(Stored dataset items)
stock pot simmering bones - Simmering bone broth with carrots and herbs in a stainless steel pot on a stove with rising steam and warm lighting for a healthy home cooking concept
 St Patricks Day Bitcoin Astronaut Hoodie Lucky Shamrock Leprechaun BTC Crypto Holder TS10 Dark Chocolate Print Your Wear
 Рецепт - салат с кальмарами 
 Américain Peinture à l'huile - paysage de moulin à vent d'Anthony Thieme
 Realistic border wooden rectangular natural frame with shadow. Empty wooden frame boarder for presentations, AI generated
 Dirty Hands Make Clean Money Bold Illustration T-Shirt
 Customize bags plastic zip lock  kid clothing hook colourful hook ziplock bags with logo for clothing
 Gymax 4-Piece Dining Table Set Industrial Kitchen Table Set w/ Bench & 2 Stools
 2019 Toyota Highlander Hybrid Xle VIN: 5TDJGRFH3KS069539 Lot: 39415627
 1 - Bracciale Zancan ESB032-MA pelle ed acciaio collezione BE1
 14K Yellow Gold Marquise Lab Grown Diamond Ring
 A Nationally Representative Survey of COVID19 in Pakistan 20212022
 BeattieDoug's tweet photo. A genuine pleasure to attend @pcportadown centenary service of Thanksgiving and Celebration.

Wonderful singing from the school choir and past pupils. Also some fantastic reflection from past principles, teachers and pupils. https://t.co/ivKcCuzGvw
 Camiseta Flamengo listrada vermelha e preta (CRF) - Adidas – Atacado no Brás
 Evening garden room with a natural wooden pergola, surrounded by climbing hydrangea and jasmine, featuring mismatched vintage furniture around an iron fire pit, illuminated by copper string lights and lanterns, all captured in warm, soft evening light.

- [AIM OF THE EXERCISE]:
Your answer is to contain exactly the lines from the one holding "Camiseta Flamengo listrada" to the end of the entries, with no other line.

- [RESULT BELOW]:
 Camiseta Flamengo listrada vermelha e preta (CRF) - Adidas – Atacado no Brás
 Evening garden room with a natural wooden pergola, surrounded by climbing hydrangea and jasmine, featuring mismatched vintage furniture around an iron fire pit, illuminated by copper string lights and lanterns, all captured in warm, soft evening light.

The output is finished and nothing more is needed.